In our lab, we were able to use a stable transformant of T. harzianum expressing both GFP and GUS phenotypes [45] to evaluate aspects of the ecology of this organism in soil. The fungus was cotransformed with GFP, GUS, and hygromycin B (hygB) resistance, using PEG-mediated transformation. One cotransformant (strain ThzID1-M3) has been phenotypically stable with respect to GFP expression for several years, despite repeated subculturing without selection pressure. Morphology of ThzID1-M3 is similar to that of the wild-type strain. In nonsterile soil, growth, sporulation, and the ability of the cotransformant to colonize sclerotia of Sclerotinia sclerotiorum were compared with the wild-type strain. Wild-type and transformant strains both increased colonization of sclerotia above background levels of colonization by indigenous Trichoderma spp. in untreated controls. There were no significant differences in colonization levels between wild-type and cotransformant strains; however, presence of the GFP and GUS marker genes in the cotransformant strain allowed differentiation of introduced Trichoderma from indigenous strains. Formation of greenfluorescing conidiophores and conidia was observed within the first three days of incubation in soil, followed by formation of terminal and intercalary chlamydospores and subsequent disintegration of older hyphal segments. Addition of X-Gluc substrate to recovered glass slides confirmed the activity of GUS as well as GFP in the cotransformant in soil; the green color of cotransformant hyphae was clearly visible under UV epifluorescence, while indigenous fungi in the same samples were barely visible microscopically. In one study [11], interactions between ThzID1-M3 and the fungivorous nematode Aphelenchoides sp. were investigated in untreated field soil using epifluorescence microscopy; the GFP phenotype allowed for effective identification and quantification of hyphae of ThzID1-M3 in nonsterile soil.

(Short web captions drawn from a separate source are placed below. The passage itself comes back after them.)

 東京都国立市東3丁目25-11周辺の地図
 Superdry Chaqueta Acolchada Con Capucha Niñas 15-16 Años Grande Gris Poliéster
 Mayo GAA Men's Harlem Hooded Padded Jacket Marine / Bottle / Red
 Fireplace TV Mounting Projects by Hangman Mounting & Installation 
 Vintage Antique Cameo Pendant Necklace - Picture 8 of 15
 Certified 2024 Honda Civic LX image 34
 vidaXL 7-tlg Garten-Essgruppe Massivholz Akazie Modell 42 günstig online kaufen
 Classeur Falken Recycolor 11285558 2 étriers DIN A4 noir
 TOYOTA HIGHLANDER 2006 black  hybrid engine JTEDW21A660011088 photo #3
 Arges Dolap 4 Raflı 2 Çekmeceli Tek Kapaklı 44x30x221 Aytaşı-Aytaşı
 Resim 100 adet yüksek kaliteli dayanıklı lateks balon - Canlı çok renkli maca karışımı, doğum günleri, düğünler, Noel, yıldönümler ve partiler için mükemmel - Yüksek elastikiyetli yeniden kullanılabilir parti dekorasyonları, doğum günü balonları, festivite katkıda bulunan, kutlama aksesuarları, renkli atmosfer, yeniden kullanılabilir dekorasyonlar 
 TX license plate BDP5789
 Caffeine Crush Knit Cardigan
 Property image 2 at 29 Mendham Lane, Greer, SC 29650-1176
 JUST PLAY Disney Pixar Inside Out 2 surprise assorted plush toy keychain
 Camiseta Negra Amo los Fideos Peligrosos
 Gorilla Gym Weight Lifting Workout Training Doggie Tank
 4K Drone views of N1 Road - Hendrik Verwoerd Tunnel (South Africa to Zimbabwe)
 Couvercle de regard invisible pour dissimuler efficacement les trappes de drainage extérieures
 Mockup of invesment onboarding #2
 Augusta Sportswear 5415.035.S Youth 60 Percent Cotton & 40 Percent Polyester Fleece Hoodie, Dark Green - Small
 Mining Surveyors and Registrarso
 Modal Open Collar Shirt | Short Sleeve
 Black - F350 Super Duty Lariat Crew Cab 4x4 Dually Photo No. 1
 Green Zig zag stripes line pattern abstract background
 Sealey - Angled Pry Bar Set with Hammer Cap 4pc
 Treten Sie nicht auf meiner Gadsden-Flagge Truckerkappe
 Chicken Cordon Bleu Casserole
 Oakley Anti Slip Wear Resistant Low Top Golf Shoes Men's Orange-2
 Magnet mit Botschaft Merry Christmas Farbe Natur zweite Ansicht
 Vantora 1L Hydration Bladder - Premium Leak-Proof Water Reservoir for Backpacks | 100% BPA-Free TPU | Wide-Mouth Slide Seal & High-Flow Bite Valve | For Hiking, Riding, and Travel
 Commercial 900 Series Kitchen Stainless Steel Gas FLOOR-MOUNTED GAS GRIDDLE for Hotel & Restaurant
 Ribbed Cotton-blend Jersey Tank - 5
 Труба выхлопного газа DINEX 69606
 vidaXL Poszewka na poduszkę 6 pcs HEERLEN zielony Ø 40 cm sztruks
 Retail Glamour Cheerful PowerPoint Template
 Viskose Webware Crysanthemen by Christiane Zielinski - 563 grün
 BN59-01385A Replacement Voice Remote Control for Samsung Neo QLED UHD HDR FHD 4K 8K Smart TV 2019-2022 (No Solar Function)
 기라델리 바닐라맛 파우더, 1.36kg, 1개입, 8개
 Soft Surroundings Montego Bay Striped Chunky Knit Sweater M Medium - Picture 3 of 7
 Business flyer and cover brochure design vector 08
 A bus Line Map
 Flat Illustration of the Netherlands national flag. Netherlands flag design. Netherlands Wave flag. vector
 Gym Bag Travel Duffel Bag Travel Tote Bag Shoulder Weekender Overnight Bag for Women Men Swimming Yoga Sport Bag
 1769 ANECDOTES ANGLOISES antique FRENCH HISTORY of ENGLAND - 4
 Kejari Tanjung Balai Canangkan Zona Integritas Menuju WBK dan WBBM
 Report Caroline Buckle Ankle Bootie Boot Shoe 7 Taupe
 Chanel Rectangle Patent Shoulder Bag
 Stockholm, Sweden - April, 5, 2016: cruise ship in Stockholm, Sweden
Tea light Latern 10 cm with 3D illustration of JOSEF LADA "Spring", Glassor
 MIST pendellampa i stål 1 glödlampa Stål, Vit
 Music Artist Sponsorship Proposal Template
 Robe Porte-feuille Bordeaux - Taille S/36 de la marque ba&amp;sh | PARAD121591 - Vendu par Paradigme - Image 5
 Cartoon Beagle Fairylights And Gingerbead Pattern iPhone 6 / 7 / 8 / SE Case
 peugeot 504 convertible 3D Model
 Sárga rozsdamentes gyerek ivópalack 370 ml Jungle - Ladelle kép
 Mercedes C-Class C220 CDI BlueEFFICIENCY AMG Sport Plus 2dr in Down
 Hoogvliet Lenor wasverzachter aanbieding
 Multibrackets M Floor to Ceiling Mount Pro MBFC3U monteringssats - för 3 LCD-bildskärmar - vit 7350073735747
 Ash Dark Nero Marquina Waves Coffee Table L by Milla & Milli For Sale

We have also used this method to evaluate effects of indigenous soil microflora on biomass and biocontrol efficacy of ThzID1-M3 in soil [46]. Combining epifluorescence with computer image analysis allowed quantification of mycelial biomass, over time, of the GFP-transformed ThzID1-M3 following its introduction into nonsterile soil [47].

Real-time PCR amplification of Trichoderma spp. gene sequences allowed quantification of sclerotia of S. sclerotiorum by Trichoderma spp. in nonsterile soil [48]. The fact that T. harzianum strain ThzID1-M3 is phenotypically different (in that it expresses GFP) from other soil fungi (including other Trichoderma strains) and that also the corresponding novel gene is well characterized provided another avenue of ecological investigation, since the GFP gene (which is of jellyfish origin) provided a unique sequence to design a polymerase chain reaction (PCR) primer/probe set to exclusively amplify that sequence from ThzID1-M3 [49]. We also compared quantitative real-time PCR with confocal microscopy to evaluate colonization of sclerotia by ThzID1-M3 and concluded that microscopy combined with image analysis provides better information on the spatial and temporal dynamics of sclerotial colonization, while real-time PCR can provide a more precise assessment of the total extent of colonization over time, including biomass estimates for the biocontrol fungus, and can more easily be used to sample entire sclerotia [50]. Real-time PCR primers were designed for the pea pathogen Fusarium solani f. sp. pisi, allowing for quantitative assessment of competitive interactions between the biocontrol fungus (T. harzianum ThzID1-M3) and the pathogen F. solani in the pea rhizosphere [51]. Thus, GFP activity of the transformant is a useful tool for nondestructive monitoring of hyphal proliferation and competitive ability of the fungus in a natural soil, and such transformants may provide useful models to investigate the ecological fitness of introduced fungi in soil.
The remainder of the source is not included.